Archive pour septembre 2011

Jonathan Coe – La pluie, avant qu’elle tombe

Jonathan Coe - La pluie, avant qu'elle tombeRosamond vient de mourir, mais sa voix résonne encore, dans une confession enregistrée, adressée à la mystérieuse Imogen. S’appuyant sur vingt photos soigneusement choisies, elle laisse libre cours à ses souvenirs et raconte, des années quarante à aujourd’hui, l’histoire de trois générations de femmes, liées par le désir, l’enfance perdue et quelques lieux magiques. Et de son récit douloureux et intense naît une question, lancinante : y a-t-il une logique qui préside à ces existences ?

C’est la première fois que je lis un roman de Jonathan Coe, j’ai cru comprendre que ses précédents ouvrages avait un côté drôle que l’on ne retrouve pas du tout ici. Je ne peux donc pas faire de comparaison mais en tout cas celui-ci m’a donné envie de découvrir ses autres romans car j’ai été absolument séduite par le style et l’ambiance poétique et mélancolique. Il faut dire qu’il y a toujours une atmosphère particulière et unique dans les romans dont l’action se situe en Angleterre.

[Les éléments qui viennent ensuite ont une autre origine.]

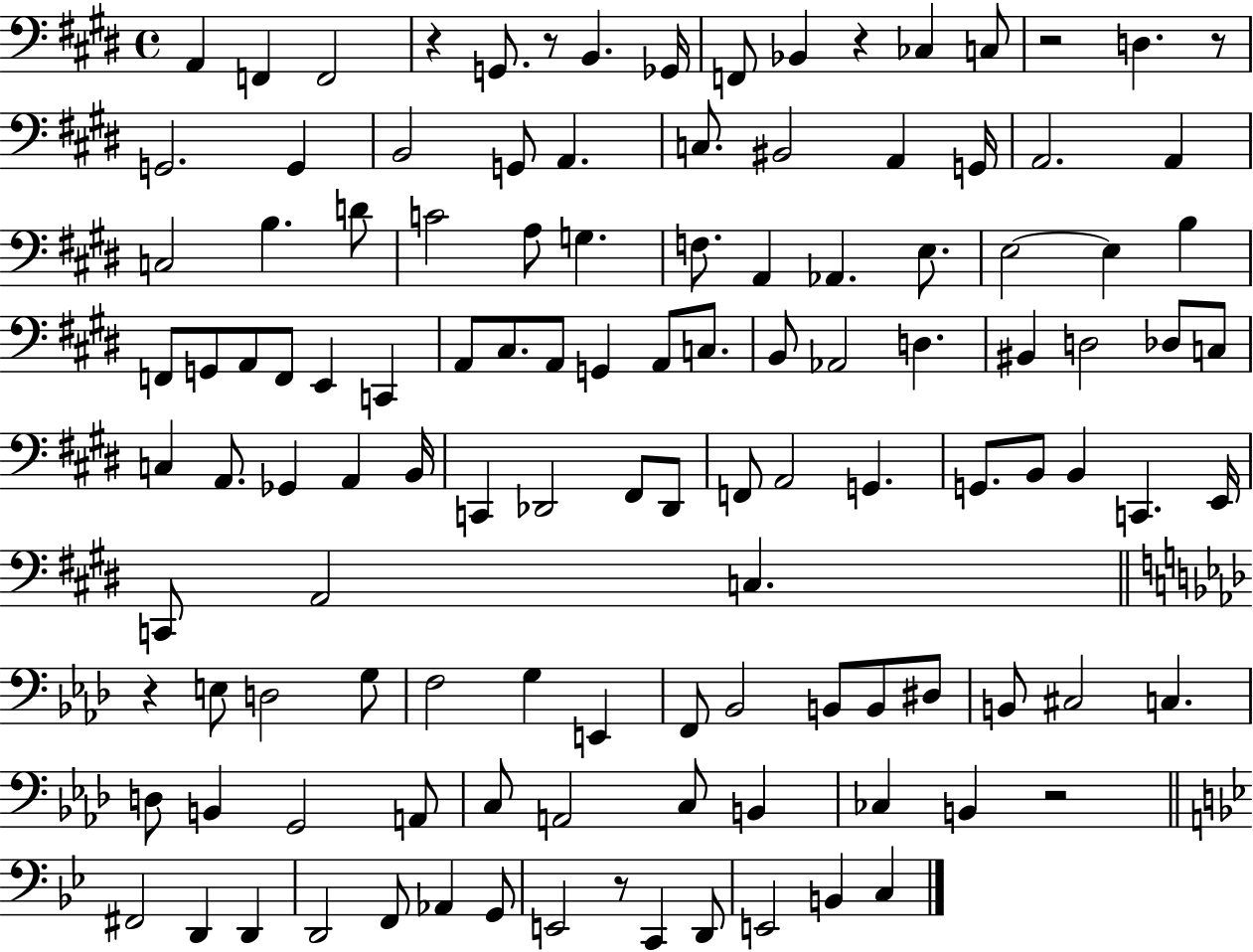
{
  \clef bass
  \time 4/4
  \defaultTimeSignature
  \key e \major
  a,4 f,4 f,2 | r4 g,8. r8 b,4. ges,16 | f,8 bes,4 r4 ces4 c8 | r2 d4. r8 | \break g,2. g,4 | b,2 g,8 a,4. | c8. bis,2 a,4 g,16 | a,2. a,4 | \break c2 b4. d'8 | c'2 a8 g4. | f8. a,4 aes,4. e8. | e2~~ e4 b4 | \break f,8 g,8 a,8 f,8 e,4 c,4 | a,8 cis8. a,8 g,4 a,8 c8. | b,8 aes,2 d4. | bis,4 d2 des8 c8 | \break c4 a,8. ges,4 a,4 b,16 | c,4 des,2 fis,8 des,8 | f,8 a,2 g,4. | g,8. b,8 b,4 c,4. e,16 | \break c,8 a,2 c4. | \bar "||" \break \key f \minor r4 e8 d2 g8 | f2 g4 e,4 | f,8 bes,2 b,8 b,8 dis8 | b,8 cis2 c4. | \break d8 b,4 g,2 a,8 | c8 a,2 c8 b,4 | ces4 b,4 r2 | \bar "||" \break \key bes \major fis,2 d,4 d,4 | d,2 f,8 aes,4 g,8 | e,2 r8 c,4 d,8 | e,2 b,4 c4 | \break \bar "|."
}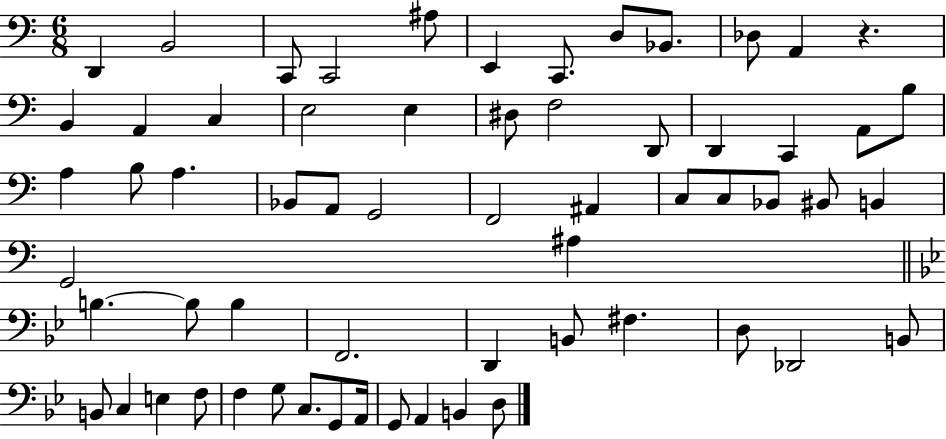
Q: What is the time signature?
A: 6/8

J’ai été particulièrement émue par le témoignage de Rosamond, par le destin des personnages dont elle parle, par la façon dont elle évoque son homosexualité qui même si ce n’est pas le sujet du livre m’a beaucoup touchée, par les souvenirs qui affleurent à partir de ces vingts photos…

Et puis, il y a surtout le mystère qui plane autour d’Imogen, car c’est autour d’elle que tourne tout le récit et pour elle que Rosamond enregistre cette confession.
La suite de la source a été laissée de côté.